[[ Entries shown, beginning ]]

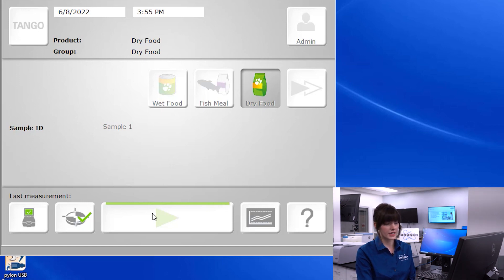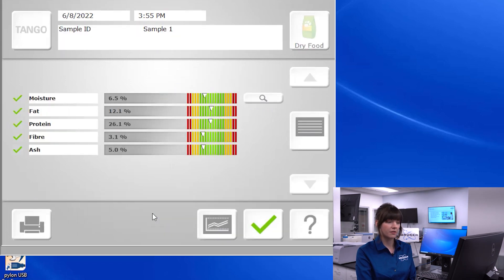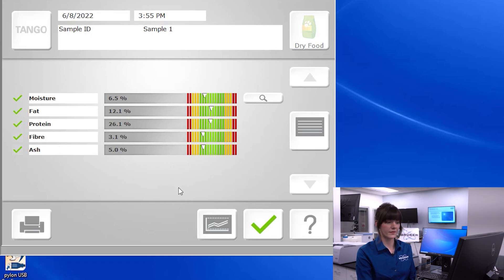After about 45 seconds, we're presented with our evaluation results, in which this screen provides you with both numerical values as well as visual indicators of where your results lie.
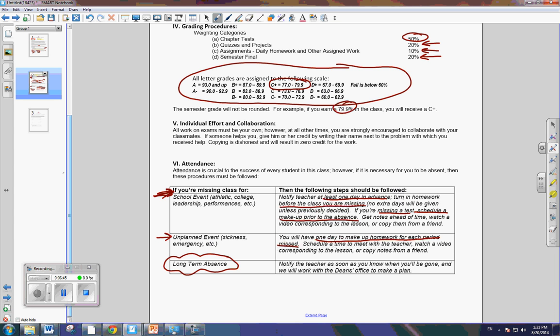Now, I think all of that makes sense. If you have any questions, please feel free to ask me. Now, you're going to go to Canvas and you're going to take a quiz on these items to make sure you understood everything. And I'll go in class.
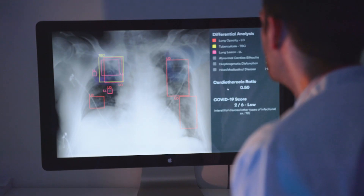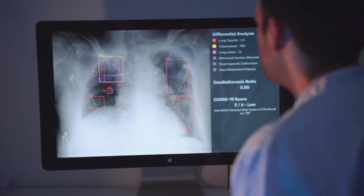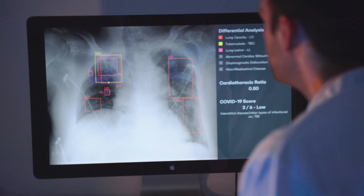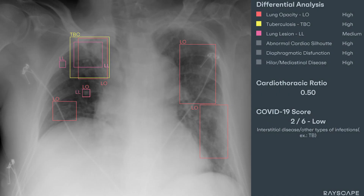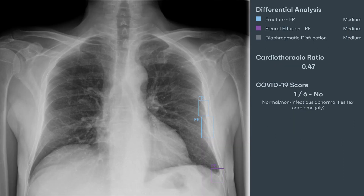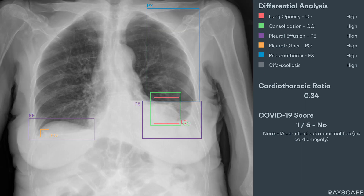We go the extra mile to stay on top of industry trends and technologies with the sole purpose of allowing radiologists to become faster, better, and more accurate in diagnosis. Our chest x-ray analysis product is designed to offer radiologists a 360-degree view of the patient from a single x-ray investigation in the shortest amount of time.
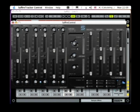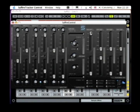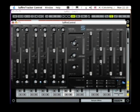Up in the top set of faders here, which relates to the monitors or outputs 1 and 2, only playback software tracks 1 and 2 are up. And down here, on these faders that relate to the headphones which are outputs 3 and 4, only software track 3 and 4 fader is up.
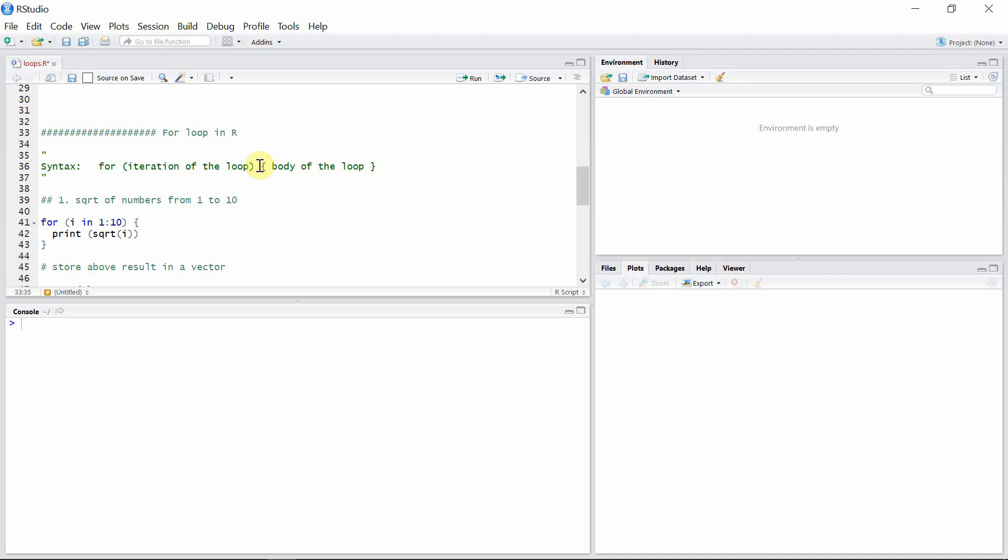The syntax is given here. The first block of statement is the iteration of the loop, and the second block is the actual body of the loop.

[[ Entries shown, end ]]

What is expected
The records above should be output exactly, but without any of their pictures.

Your solution
After about 45 seconds, we're presented with our evaluation results, in which this screen provides you with both numerical values as well as visual indicators of where your results lie.
Now, I think all of that makes sense. If you have any questions, please feel free to ask me. Now, you're going to go to Canvas and you're going to take a quiz on these items to make sure you understood everything. And I'll go in class.
We go the extra mile to stay on top of industry trends and technologies with the sole purpose of allowing radiologists to become faster, better, and more accurate in diagnosis. Our chest x-ray analysis product is designed to offer radiologists a 360-degree view of the patient from a single x-ray investigation in the shortest amount of time.
Up in the top set of faders here, which relates to the monitors or outputs 1 and 2, only playback software tracks 1 and 2 are up. And down here, on these faders that relate to the headphones which are outputs 3 and 4, only software track 3 and 4 fader is up.
The syntax is given here. The first block of statement is the iteration of the loop, and the second block is the actual body of the loop.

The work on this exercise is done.